Solved – Example of multi-way clustering robust standard errors: puzzling results

clustered-standard-errorsrobust-standard-error

I am trying to get a grasp on Cameron, Gelbach and Miller (2011) robust inference with multiway clustering. As I understand, bottom line is that ignoring clustering may result in standard errors severely underestimated, therefore, increasing considerably type-I error. They argue that applied researchers find this kind of situations very frequently and very (for example, children clustered in schools and all the data clustered in time).

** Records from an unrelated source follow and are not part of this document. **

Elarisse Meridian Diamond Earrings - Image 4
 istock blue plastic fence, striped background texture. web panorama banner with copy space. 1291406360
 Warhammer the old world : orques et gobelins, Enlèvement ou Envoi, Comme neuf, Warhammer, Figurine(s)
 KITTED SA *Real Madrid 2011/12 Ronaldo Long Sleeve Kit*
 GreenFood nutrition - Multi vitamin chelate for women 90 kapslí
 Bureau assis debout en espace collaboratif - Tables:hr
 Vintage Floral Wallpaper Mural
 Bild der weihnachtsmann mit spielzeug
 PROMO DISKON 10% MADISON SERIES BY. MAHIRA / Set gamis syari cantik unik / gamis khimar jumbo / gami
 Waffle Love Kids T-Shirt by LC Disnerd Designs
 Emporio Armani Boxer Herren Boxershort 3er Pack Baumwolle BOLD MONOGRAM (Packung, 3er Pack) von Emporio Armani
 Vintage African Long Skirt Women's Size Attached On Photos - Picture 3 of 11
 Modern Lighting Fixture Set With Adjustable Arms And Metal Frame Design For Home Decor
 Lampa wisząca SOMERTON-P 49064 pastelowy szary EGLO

So I decided to run some examples to understand the issues better and to get a sense on how big the problem would be. I am using R and the package multiwayvcov (http://cran.r-project.org/web/packages/multiwayvcov/index.html) that implements the methods proposed by Cameron et al. (2011). Here's my code:

library(multiwayvcov) # multi-way clustering Cameron, Gelbach, Miller, 2011
# Some fake data with two clusters and one covariate x
df <- data.frame(cluster1 = sample(1:4, 1000, replace = TRUE), 
                 cluster2 = sample(1:4, 1000, replace = TRUE), 
                 x = 5*rnorm(1000))
# Dependent variable as a function of the covariate (x) and both clusters
df$y <- with(df, x + 0.5*cluster1 + 0.3*cluster2 + rnorm(1000))
# Linear model ignoring clustering
lm1 <- lm(y ~ x, data = df)
# Linear model including the clusters as regressors
lm2 <- lm(y ~ x + cluster1 + cluster2, data = df)
# Extract standard errors from both models, using the default standard errors
# and the multi-way cluster robust standard errors
# For lm1
sqrt(diag(vcov(lm1)))
sqrt(diag(cluster.vcov(lm1, df[ , c("cluster1", "cluster2")])))
# For lm2
sqrt(diag(vcov(lm2)))
sqrt(diag(cluster.vcov(lm2, df[ , c("cluster1", "cluster2")])))

And here the result:

> sqrt(diag(vcov(lm1)))
(Intercept)           x 
0.037401718 0.007624887 
> sqrt(diag(cluster.vcov(lm1, df[ , c("cluster1", "cluster2")])))
(Intercept)           x 
0.388342350 0.005365563 
> # For lm2
> sqrt(diag(vcov(lm2)))
(Intercept)           x    cluster1    cluster2 
0.102379673 0.006331239 0.028197782 0.027870294 
> sqrt(diag(cluster.vcov(lm2, df[ , c("cluster1", "cluster2")])))
(Intercept)           x    cluster1    cluster2 
 0.09875941  0.00439916  0.03468323  0.03039352 
> 

I am having trouble understanding these results; in particular, I am looking at the standard error of the covariate x: in both models it is smaller using the robust standard errors, and I expected exactly the opposite given that all the argument of the paper is that standard errors would be underestimated, had I ignored clustering. So, why these results show larger standard errors by ignoring clustering in the data?

Best Answer

I am not expert in this, but I see at least two issues you should consider:

1) The authors show in their paper that "The impact [of multi-way clustering] is likely to be the greatest when both the regressor and the error are correlated over two dimensions". In your example the regressor $x$ is exogenous. Maybe you should try making x correlated with cluster1 and cluster2.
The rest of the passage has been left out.